Definition of Int in C, C++ and C#

An int variable contains only whole numbers

Int is short for "integer." Int is a fundamental variable type built into the compiler and used to define numeric variables holding whole numbers. C, C++, C# and many other programming languages recognize int as a type. Other data types include float and double.

Int Limitations

Only negative and positive whole numbers can be stored in int variables. Therefore, for example, 27, 4908 and -6575 are valid int entries, but 5.6 is not.

Numbers with fractional parts require a float or double type variable, both of which can contain decimal points.
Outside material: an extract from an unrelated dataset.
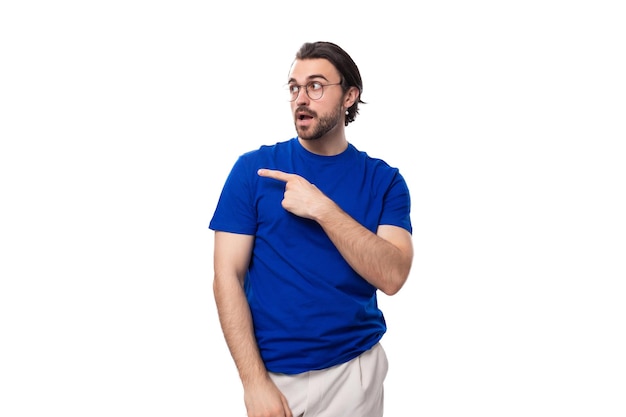 Jonge zelfverzekerde brunette man met een baard gekleed in een blauw T-shirt toont zijn hand naar de ruimte voor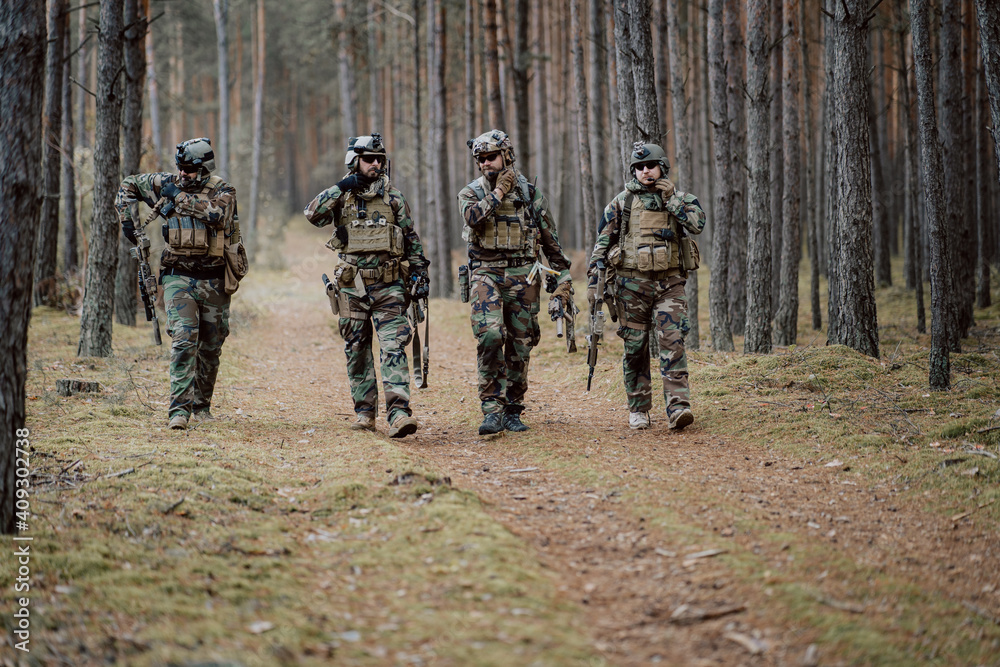 Fully equipped soldiers in camouflage uniform returning from reconnaissance in a pine forest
The size of number that can be stored in int usually is not defined in the language, but instead depends on the computer running the program. In C#, int is 32 bits, so the range of values is from -2,147,483,648 to 2,147,483,647. If larger values are required, the double type can be used.

What Is Nullable Int?

Nullable int has the same range of values as int, but it can store null in addition to whole numbers. You can assign a value to nullable int just as you would for int. You also can assign a null value. Nullable int can be useful when you want to add another state (invalid or uninitialized) to a value type. Nullable int cannot be used in loops. Loop variables must always be declared as int.

Int vs. Float and Double

Int is similar to the float and double types, but they serve different purposes.

Int:

  • Takes up less space than other types 
  • Has faster arithmetic
  • Uses only whole numbers
  • Uses caches and data transfer bandwidth more efficiently

Float and double types:

  • Use twice as much memory
  • Can contain a decimal point
  • Can contain more characters

The difference between float and double types lies in the range of values.

The range of double is twice that of float, and it accommodates more digits.